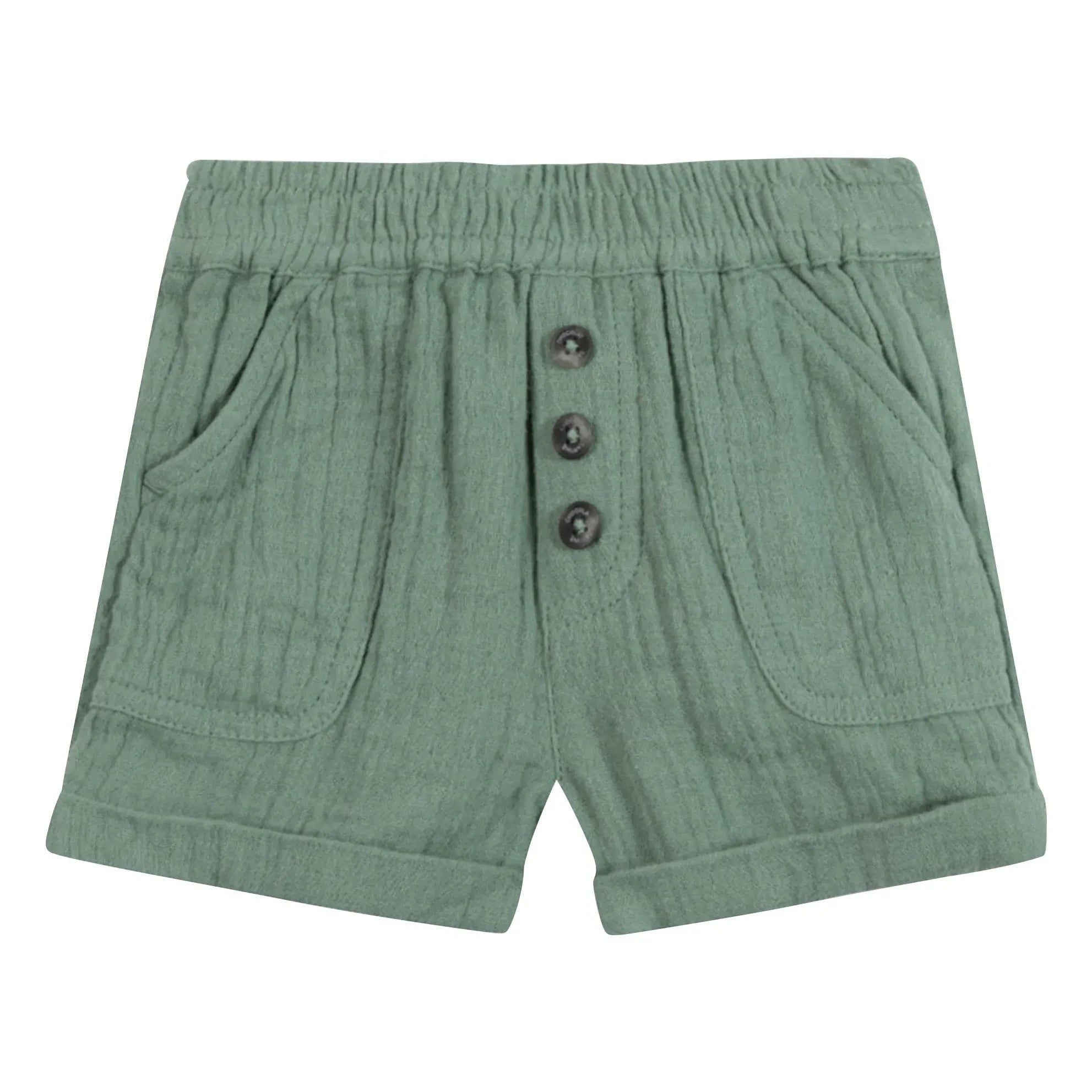 Tartine et Chocolat - Cotton Gingham Buttoned Shorts | Khaki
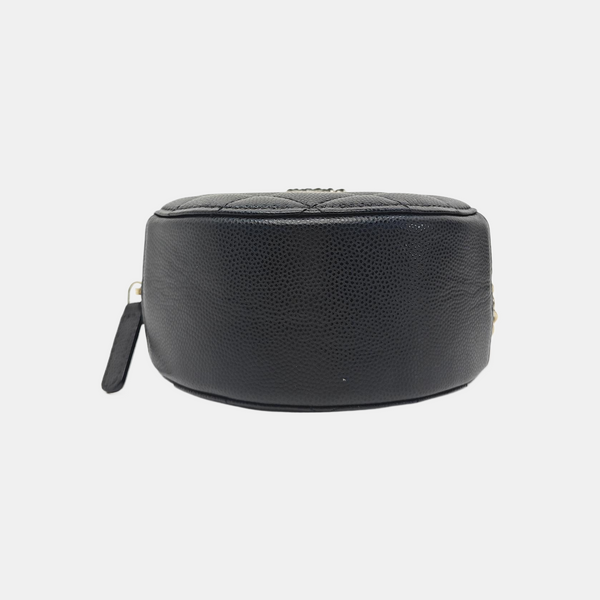 Quilted Grained Calfskin Shoulder Bag Black
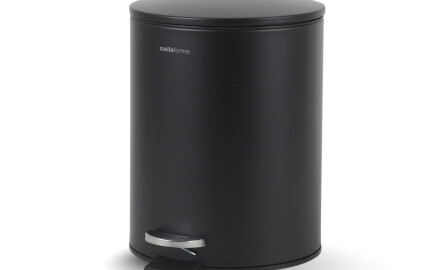 BUDGET Round 5 L Pedal Bin, Soft Close / Matte Black Steel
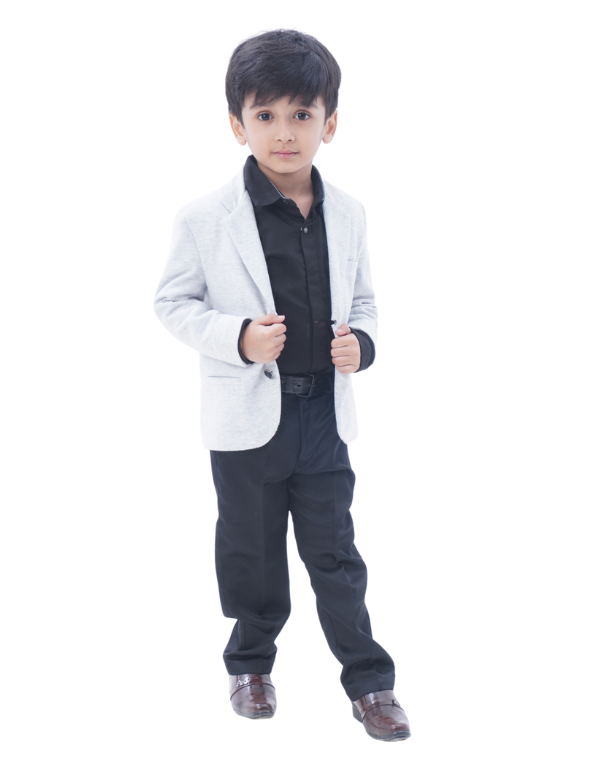 Boys Solid White Blazer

» TASK DIRECTIONS: Everything from the line containing "BUDGET Round 5" through the last line of the listing above must be output exactly, except the pictures.

» OUTPUT:
 BUDGET Round 5 L Pedal Bin, Soft Close / Matte Black Steel
 Boys Solid White Blazer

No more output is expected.